恋愛のあるある
皆様、こんにちは。レイモンでございます。
本日は王立学園の学園祭が行われております。
エティエンヌ様からアルフォンス様を講堂に連れ出すようにと指示がありましたので、エレオノール様を味方につけて強引に連れて参りました。
事前に噂で王子と聖女の恋の話だと聞いていたアルフォンス様はとても不機嫌です。
早くもクライマックス
「俺は……聖女様を愛している!」
おやおや、セリフはずっと「私」だったのに、そこだけ「俺」とは。
わかりやすくエティエンヌ様からアルフォンス様に挑戦状が叩きつけられました。
アルフォンス様から殺気が放たれた様な気がするのは気のせいということにしておきましょう。
講堂を出て歩きながらエレオノール様がおっしゃいました。
「エティエンヌ様かっこよかったですね!王子様みたい!」
「エティエンヌ様は王子様ですよ」
「あっ、そうでした。あはは」
「ふふふ」
私たちがのんびりと話しているので、アルフォンス様はわかりやすく不機嫌です。
ちょっとアルフォンス様をお助けしましょうかね。きっとご自分では聞けないでしょうから。
「エレオノール様から見て、エティエンヌ様はどのように映っているのですか?」
「エティエンヌ様ですか?そうですね……ずいぶんと背が高くなられましたよね?初めてお会いした時から20cmは伸びたんじゃないですかね?後は……あっ、一人称が「僕」から「俺」に変わって、余計に男らしさが増してかっこよくなられました!」
おっと、裏目に出てしまいました。
アルフォンス様がますます不機嫌になってしまいました。
「……って、皆さんがおっしゃってました」
「皆さん?」
「はい、クラスの皆さんが。私は皆さんから伺うまで、一人称が変わったことに気付いてなくって……」
と、エレオノール様は王太子殿下に対して不敬だとでも言うように気不味そうにおっしゃいましたが、起死回生のとても素晴らしい回答です!しかも、
「ア、コホン、サージュ先生ばかり見過ぎですね、私。ふふっ」
と、止めをお刺しになりました。
アルフォンス様の機嫌がみるみる直っていきました。
「くだらないこと言ってないで行くぞ」
全く、本当に素直でない。そんなことを言っても単なる照れ隠しだと誰が見てもわか……らない方がいらっしゃいますね。

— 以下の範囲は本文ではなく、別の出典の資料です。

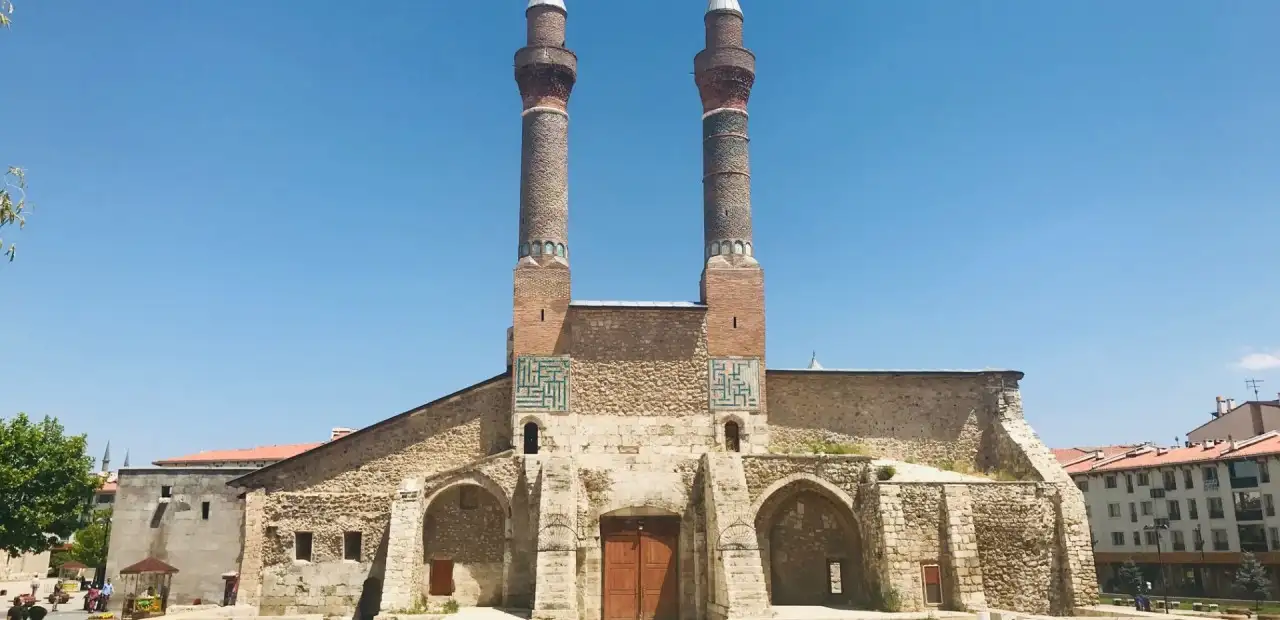 Çifte Minareli Medrese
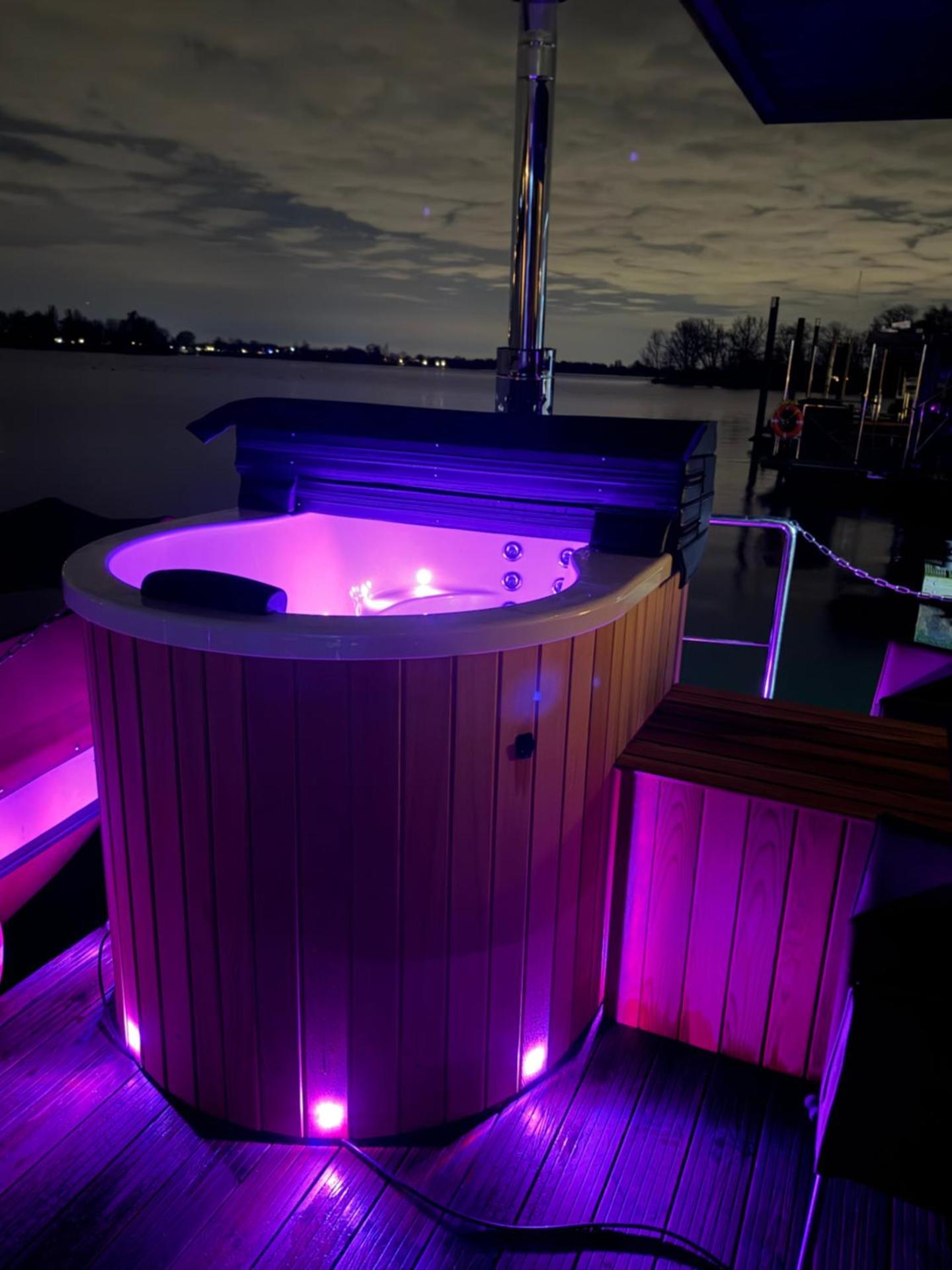 Exclusieve Houseboat La Mare 12 x 5 meter met sauna en hottup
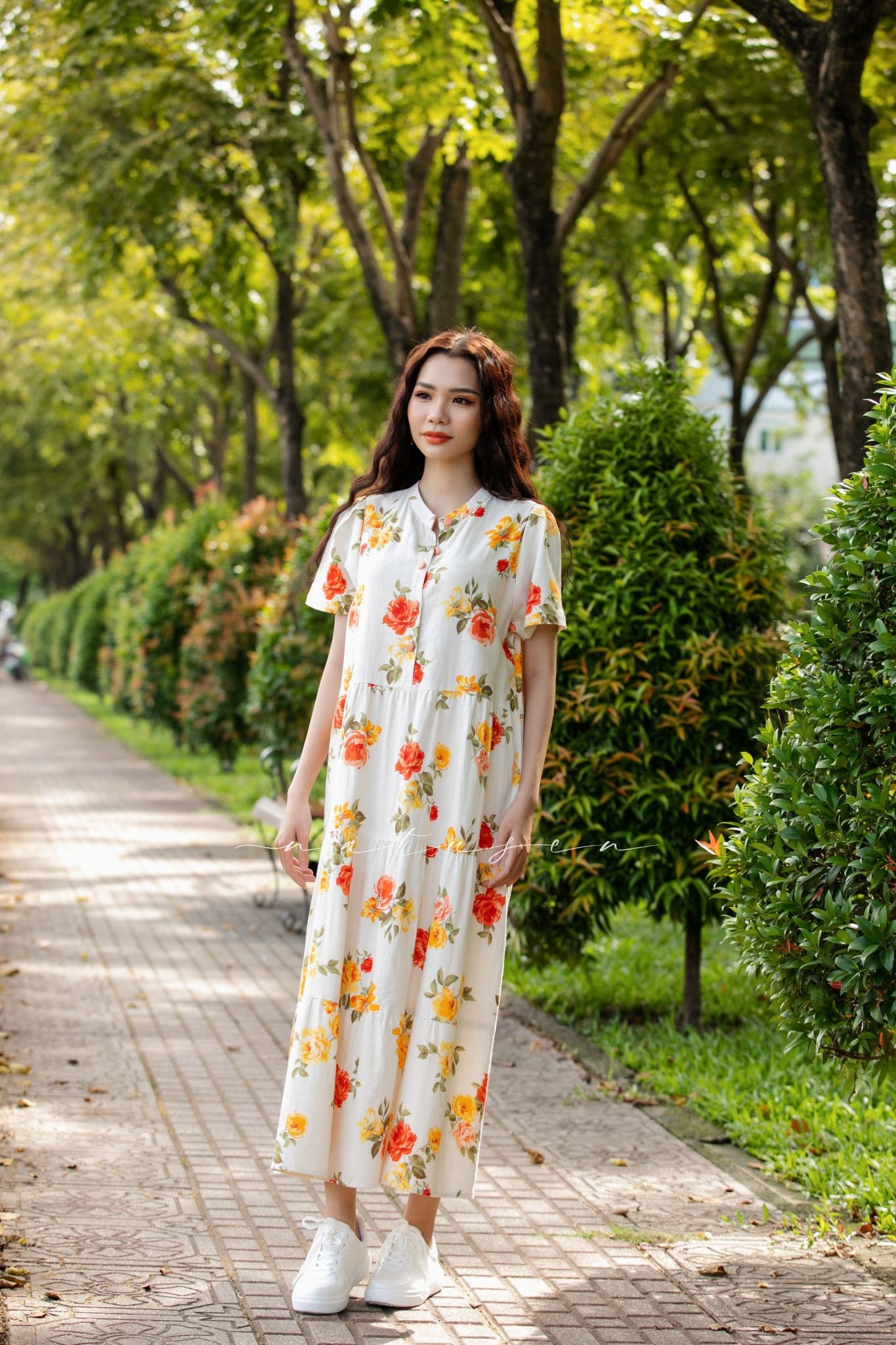Đầm Boho Mao Linen kem hoa hồng maxi nhúng tầng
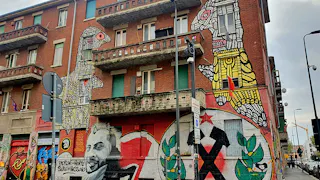 POP UP SPACE Gola Art Gallery Milano Navigli - Image 10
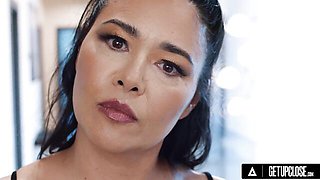 Dana Vespoli & Isiah Maxwell Big Ass – Mature Babe Needs A Young Hard Dick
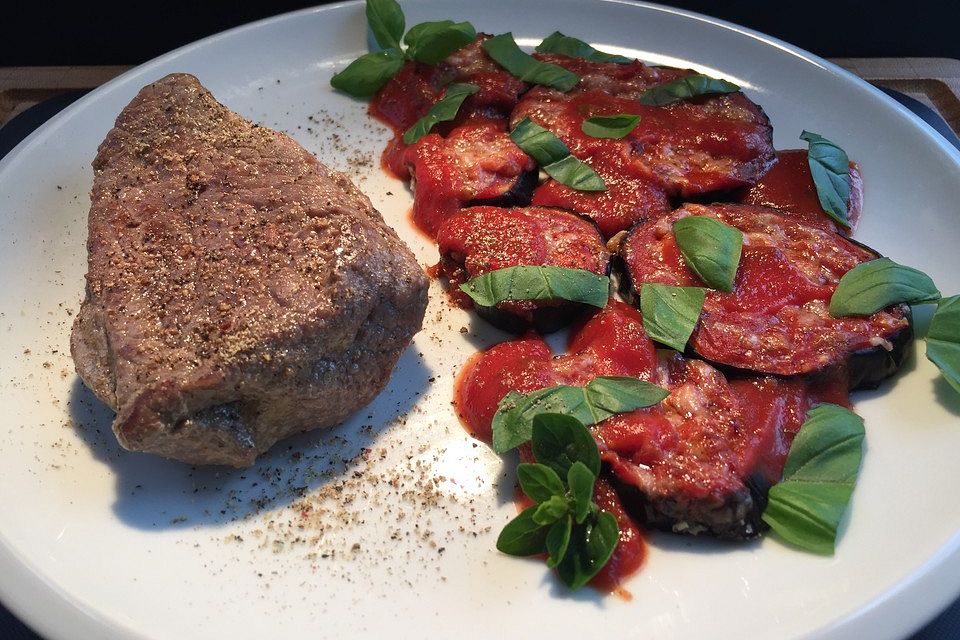 Gebackene Auberginen mit Hüftsteaks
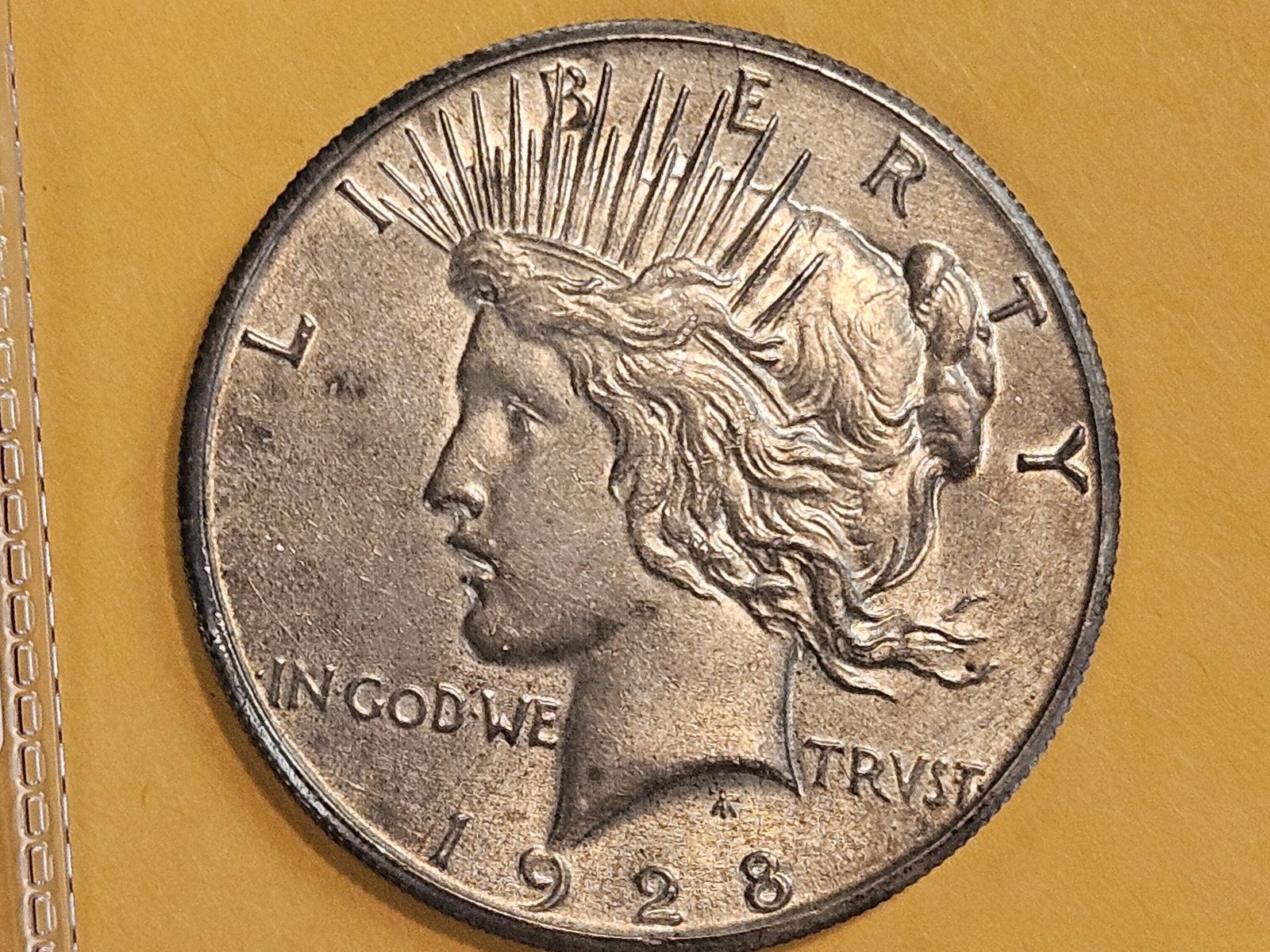 ** KEY DATE ** 1928 Peace Silver Dollar in About Uncirculated - details - 3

エレオノール様、そんな悲しそうな顔をなさらないでください。
これが恋愛の難しいところです。
側から見れば誰がどう見ても両想いなのに、当人たちだけが気付かない。よくあることです。
エレオノール様はご自身が正直でいらっしゃるので、相手の方にも好意があれば言葉として出てくると思っておられるのでしょう。
アルフォンス様は元々口数の多い方ではないので、態度でわかるだろうと思っていらっしゃるところがおありです。
かと言って、こういう事は周りが口を出すと余計に拗れたりすることもあるので難しいところです。
しかも、アルフォンス様はまだお覚悟を決めていらっしゃらないので、なおさら私に出来ることはございません。
本当に、大切な主君が後で泣くことのないように、祈るばかりです。